What you are asked to do:
Write out every line below that includes the word "with".

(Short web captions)
↓
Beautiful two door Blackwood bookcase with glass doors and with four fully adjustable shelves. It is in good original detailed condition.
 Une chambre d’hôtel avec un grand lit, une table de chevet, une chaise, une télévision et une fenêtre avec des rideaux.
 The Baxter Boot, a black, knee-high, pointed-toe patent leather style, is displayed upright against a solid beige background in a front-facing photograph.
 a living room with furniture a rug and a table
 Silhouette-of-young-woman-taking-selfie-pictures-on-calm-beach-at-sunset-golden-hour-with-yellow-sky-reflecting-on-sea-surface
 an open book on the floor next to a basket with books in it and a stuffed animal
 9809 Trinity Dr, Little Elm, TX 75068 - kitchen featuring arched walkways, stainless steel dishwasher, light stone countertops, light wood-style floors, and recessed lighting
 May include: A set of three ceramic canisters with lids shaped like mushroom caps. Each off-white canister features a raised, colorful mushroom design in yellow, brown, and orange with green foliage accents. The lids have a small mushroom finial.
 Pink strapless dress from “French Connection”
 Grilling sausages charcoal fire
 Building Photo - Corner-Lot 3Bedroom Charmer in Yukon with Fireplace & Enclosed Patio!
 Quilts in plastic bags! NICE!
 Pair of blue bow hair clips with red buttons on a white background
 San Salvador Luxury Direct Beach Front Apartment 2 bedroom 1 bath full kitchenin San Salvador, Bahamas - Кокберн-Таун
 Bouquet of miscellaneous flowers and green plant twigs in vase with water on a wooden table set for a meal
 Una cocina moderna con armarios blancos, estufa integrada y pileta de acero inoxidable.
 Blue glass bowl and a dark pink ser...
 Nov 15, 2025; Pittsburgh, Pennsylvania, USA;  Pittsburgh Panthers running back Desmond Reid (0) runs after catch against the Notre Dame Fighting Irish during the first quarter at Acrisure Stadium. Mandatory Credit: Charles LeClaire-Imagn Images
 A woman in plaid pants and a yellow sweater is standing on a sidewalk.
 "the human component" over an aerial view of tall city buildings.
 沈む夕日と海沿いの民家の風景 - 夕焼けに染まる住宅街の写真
↑
Response area:
Beautiful two door Blackwood bookcase with glass doors and with four fully adjustable shelves. It is in good original detailed condition.
 a living room with furniture a rug and a table
 Silhouette-of-young-woman-taking-selfie-pictures-on-calm-beach-at-sunset-golden-hour-with-yellow-sky-reflecting-on-sea-surface
 an open book on the floor next to a basket with books in it and a stuffed animal
 May include: A set of three ceramic canisters with lids shaped like mushroom caps. Each off-white canister features a raised, colorful mushroom design in yellow, brown, and orange with green foliage accents. The lids have a small mushroom finial.
 Building Photo - Corner-Lot 3Bedroom Charmer in Yukon with Fireplace & Enclosed Patio!
 Pair of blue bow hair clips with red buttons on a white background
 Bouquet of miscellaneous flowers and green plant twigs in vase with water on a wooden table set for a meal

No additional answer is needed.